I hope you had a chance to watch the ESPN 30 for 30 on Loyola Marymount and their 1990 tournament team called Guru of Go. It aired on ABC a couple hours before the tip off of the Butler game. Paul Westhead was the orchestrator of the fastest offense in the history of college basketball. His teams at Marymount averaged 122 points a game at their best. I will always remember Hank Gathers, Bo Kimble, Per Stumer, Jeff Fryer, and Tom Peabody as the most entertaining team I had ever seen.
The 86 Red Sox are my favorite team. The '85-'86 Celtics are my second favorite. My third is the 89'-90' Marymount team. I remember staying up until 11pm just to watch a half of one of their games. I stared at their box scores for hours trying to imagine what went on during those 40 minutes and how it was possible to score 140 points in a game.
I remember the morning my dad woke me up and told me that Hank Gathers had died during a game. My dad would usually give me a sports highlight from the night before as he was trying to get me out of bed. I was completely stunned and saddened and I think I started crying. Its weird to look back on that team I liked so much; I can't figure out why I did other thant he fact that even back then all I wanted to do in baseketball was jack up 3's. There had to be other kids like me that were broken up by this.
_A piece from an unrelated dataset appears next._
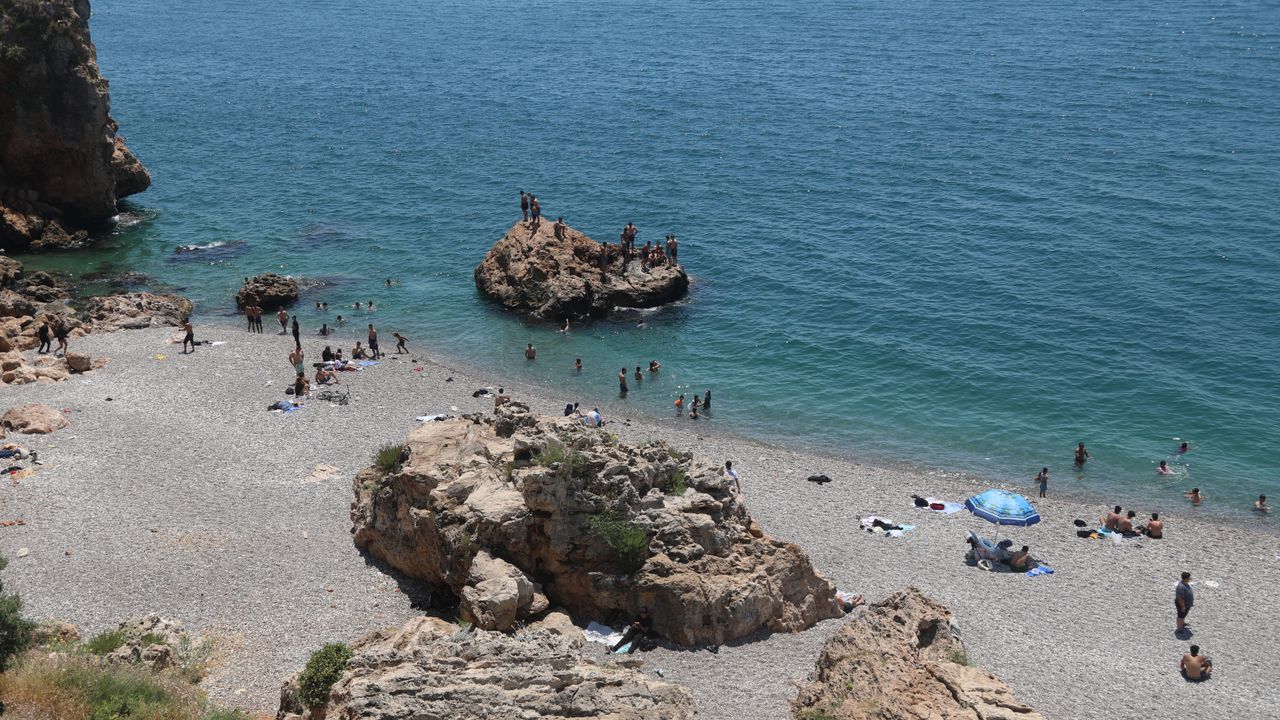 Antalya'da sıcak hava bunalttı, sahiller doldu taştı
Kids that disected these box scores for a team that was on the other side of the planet that only came on once a month at 11pm at night.
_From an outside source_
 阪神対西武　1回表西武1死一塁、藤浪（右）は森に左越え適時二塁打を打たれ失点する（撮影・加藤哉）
At one point int he documentary they show 5 second clips of all these peoples reactions to an interview question about Hank Gathers' death. A question asked about something that happened 20 years ago yeilded answers of silence and watery eyes. Its pretty amazing.
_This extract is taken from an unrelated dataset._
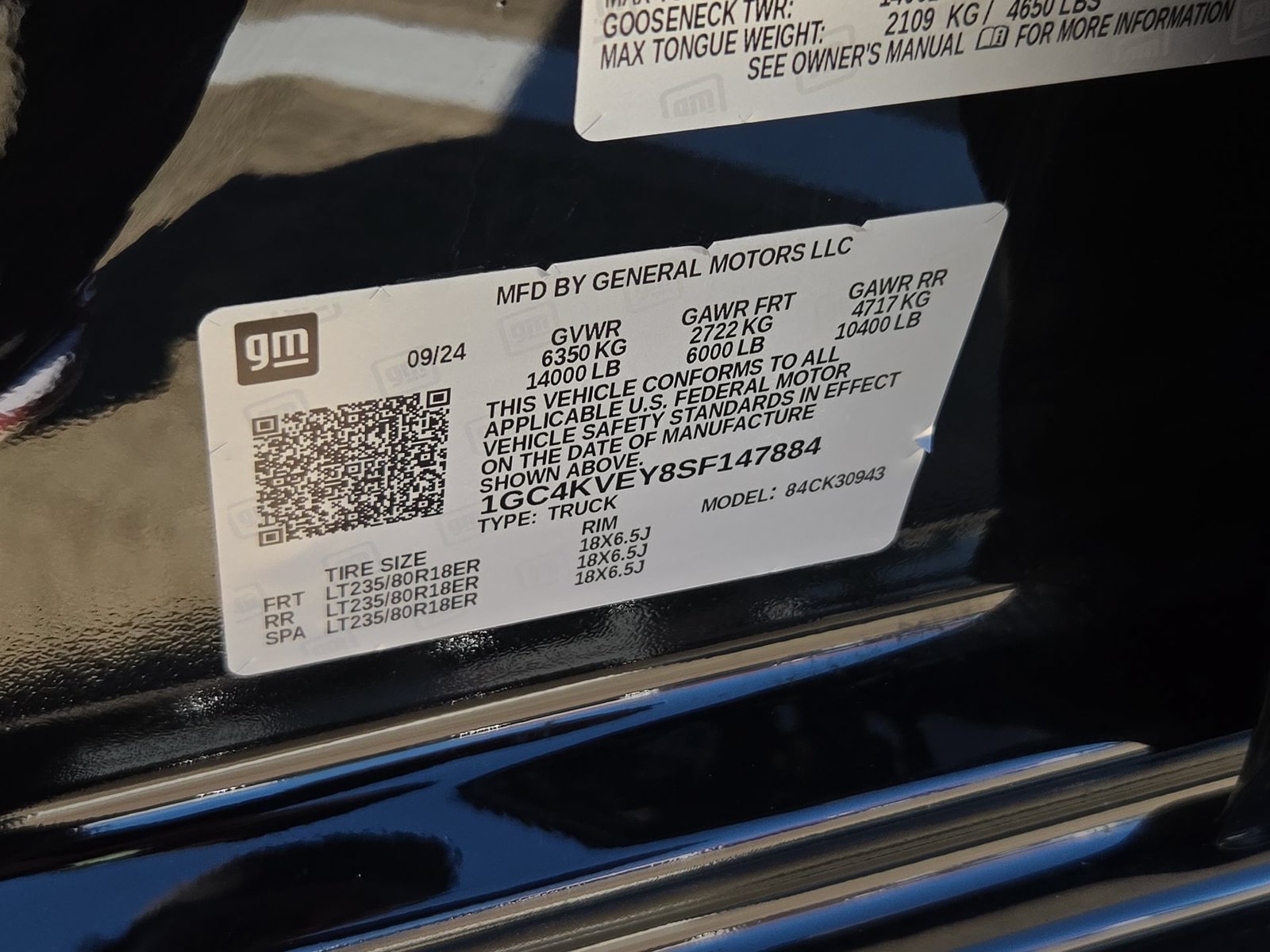 Used 2025 Chevrolet Silverado 3500 High Country w/ High Country Premium Package AWD/4WD image 35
I think everyone knows the story by now, but if you don't it's a great one and you should try to check it out. If you do know the story, its still pretty amazing to look back and remember how amazing it was. There will never be another team like that LMU team. Even without Hank Gathers you had a 30 ppg guy in Bo Kimble, two dead on three point shooters in Per Stumer and Jeff Fryer, and Tom Peabody who dove for every ball like it was a baby falling out of a third story window.
To this day there has not been a better "one shining moment" then that one from 1990. Here it is.
I have a VHS tape of a couple of their games, but I don't know exactly where it is. Last time I had it was at Dan Schnur's house. It might still be in his basement.